The other way to travel and personally my favorite is to camp out between destinations, this isrepparttar 150379 cheapest and most immersing way to travel. Like they say it'srepparttar 150380 journey notrepparttar 150381 destination. Allrepparttar 150382 equipment you would need can be found at your local or online backpacking equipment supplier. In addition torepparttar 150383 above listed equipment, here is a list of what I usually bring for a typical solo long distance, or overnight trip:

  • One person backpacking tent
  • Ground pad for sleeping bag
  • Sleeping bag
  • Single burner multi-fuel backpacking stove
  • Fuel bottle with extra fuel (can also be used for bike)
  • Cooking kit (stove usually fits inside pot with lid)
  • Cup for tea or coffee
  • One meal for each days dinner and one energy or protein meal replacement bar for breakfast (grab lunch onrepparttar 150384 road)
  • Two water bottles one with measuring increments on it for cooking.

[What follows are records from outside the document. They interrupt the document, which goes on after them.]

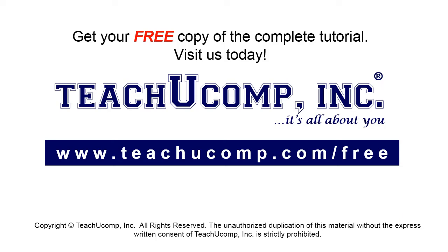Get your free copy of the complete tutorial at www.teachucomp.com forward slash free.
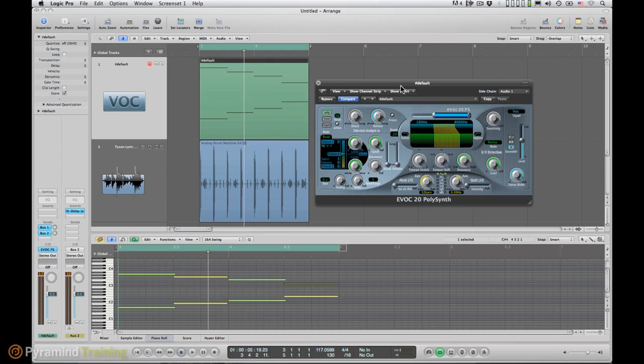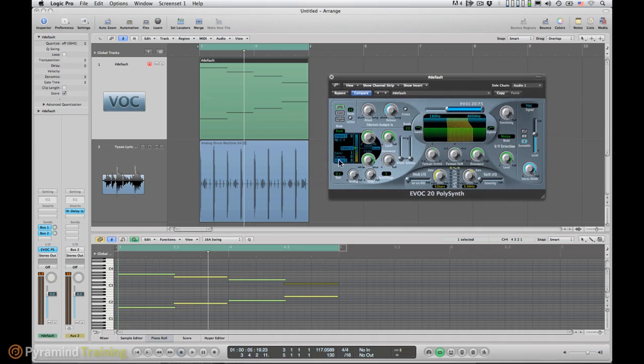And since we mentioned wavetable here, let's just go and look at those a little bit better.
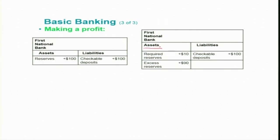On the asset side, if the bank has to keep 10% they must keep $10 with the central bank. The remaining $90 is, for the moment, excess reserve — suppose they are not utilizing this money. The moment they received the deposit, 10% was kept with the central bank and the remaining is excess reserve.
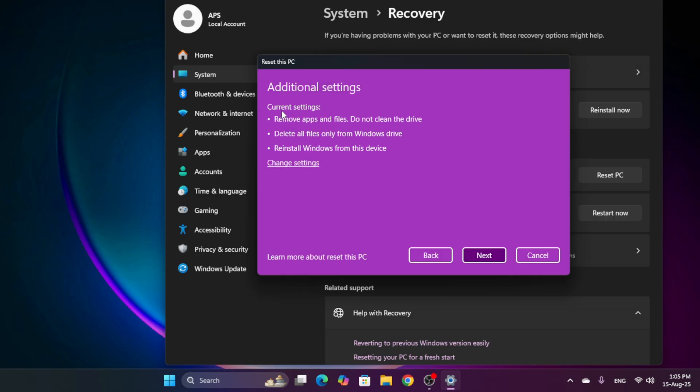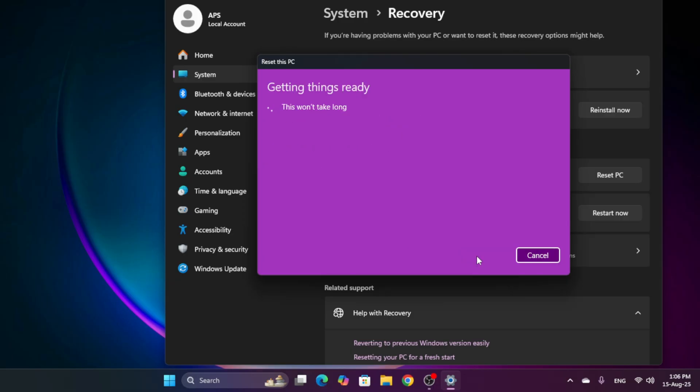Here it is saying the current settings: remove apps and files, do not clean the drive, all apps only from Windows drive, install Windows from this device. Just click next and this starts the process.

  • Candle lantern with one candle for each day ofrepparttar 150385 trip
  • Small LED headlamp for walking aroundrepparttar 150386 site and digging through saddle bags

I chose backpacking/mountaineering equipment for two reasons, A: I already owned a bunch of it since that's my other favorite way to find inner peace, and B: backpacking/mountaineering equipment packs down small withstands tremendous abuse and is usually multi-use equipment ex: pot is used for bowl etc. Using a multi-fuel stove has several advantages, you will never be unable to prepare a hot meal because these stoves will burn just about any liquid fuel like gas, kersosene, jet fuel, and even dry cleaning fluid (if you can find that I don't think your far from fast food:) If you run your stove on regular gas or stove fuel you are in luck because your extra fuel bottle can also be used to feed your bike in case your in a jam. E don't mean enough my fellow travelers.